Today's result followed a rise of 3.6 per cent in the March quarter, but when price changes were removed, the trend was down for the last two quarters.
Non-residential work was stronger. It dropped 3.6 per cent for the quarter, following a rise of 11 per cent in March, but trend-wise it continued to rise, even after price changes are extracted.
About 41 per cent of all building work for the June year was non-residential , up from 38 per cent in the previous year.
The value of all building work dropped $82 million or 2.5 per cent to $3.124 billion from the June quarter a year ago but was 7.2 per cent when price increases were stripped out.
Over the quarter the fall was 6.8 per cent.
The ANZ said the fall was larger than expected. Economists tend to use the real figures and on this basis, the bank noted that real seasonally adjusted building work had dropped 7.8 per cent in value over the quarter.
Real residential building work fell 10 per cent and non-residential 4.8 per cent.
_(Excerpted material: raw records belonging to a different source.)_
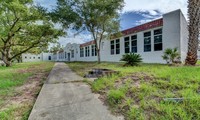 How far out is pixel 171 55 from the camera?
12016 mm

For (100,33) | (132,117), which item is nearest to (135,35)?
(100,33)

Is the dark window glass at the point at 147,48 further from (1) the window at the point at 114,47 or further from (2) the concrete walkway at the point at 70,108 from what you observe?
(2) the concrete walkway at the point at 70,108

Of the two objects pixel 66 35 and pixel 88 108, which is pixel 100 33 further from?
pixel 88 108

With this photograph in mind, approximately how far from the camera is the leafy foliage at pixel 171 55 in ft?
39.2

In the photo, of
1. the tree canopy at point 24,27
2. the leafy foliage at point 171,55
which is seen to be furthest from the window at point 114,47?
the leafy foliage at point 171,55

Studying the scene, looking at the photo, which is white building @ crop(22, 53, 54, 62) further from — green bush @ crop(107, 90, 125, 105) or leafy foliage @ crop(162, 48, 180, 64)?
green bush @ crop(107, 90, 125, 105)

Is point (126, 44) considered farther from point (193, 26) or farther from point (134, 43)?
point (193, 26)

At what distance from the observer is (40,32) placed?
68.3ft

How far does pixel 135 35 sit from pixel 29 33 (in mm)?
13186

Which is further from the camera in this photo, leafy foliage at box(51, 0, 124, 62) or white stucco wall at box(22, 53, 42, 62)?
white stucco wall at box(22, 53, 42, 62)

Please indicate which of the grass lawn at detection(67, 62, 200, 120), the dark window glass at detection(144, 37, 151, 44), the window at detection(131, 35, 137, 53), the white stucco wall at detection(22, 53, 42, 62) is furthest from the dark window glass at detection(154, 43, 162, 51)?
the white stucco wall at detection(22, 53, 42, 62)

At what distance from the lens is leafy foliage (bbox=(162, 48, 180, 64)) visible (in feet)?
39.2

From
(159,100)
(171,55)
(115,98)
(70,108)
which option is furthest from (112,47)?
(70,108)

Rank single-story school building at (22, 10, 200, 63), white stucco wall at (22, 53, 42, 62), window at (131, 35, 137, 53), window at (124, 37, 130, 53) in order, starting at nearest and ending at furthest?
single-story school building at (22, 10, 200, 63) < window at (131, 35, 137, 53) < window at (124, 37, 130, 53) < white stucco wall at (22, 53, 42, 62) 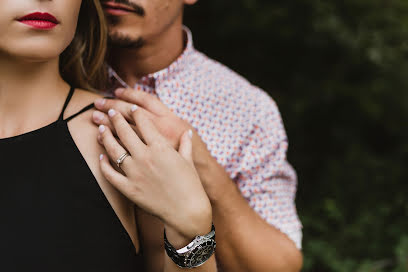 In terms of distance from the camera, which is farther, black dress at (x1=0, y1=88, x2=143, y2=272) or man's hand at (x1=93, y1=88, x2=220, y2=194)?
man's hand at (x1=93, y1=88, x2=220, y2=194)

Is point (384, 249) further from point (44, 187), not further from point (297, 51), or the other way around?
point (44, 187)

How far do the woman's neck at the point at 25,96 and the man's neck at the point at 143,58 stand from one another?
23.3 inches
The ANZ said the fall was in line with beliefs that the construction sector would contribute negatively to June quarter economic growth.
"The decline in building work is clearly at odds with the sharp increase in the HLFS (Household Labour Force Survey) construction employment number.
"This dichotomy confirms our view that firms have been hoarding staff, and the HLFS must be treated with caution."
The combination of falling activity, higher wages, lower productivity and higher construction costs all pointed to lower profitability for construction companies.
The ANZ is forecasting June quarter GDP (gross domestic product) of 0.5 per cent, taking annual GDP growth to 1.3 per cent.
It expects to see further softness in housing and consent data, particularly in the fourth quarter.
GDP data is released on September 29.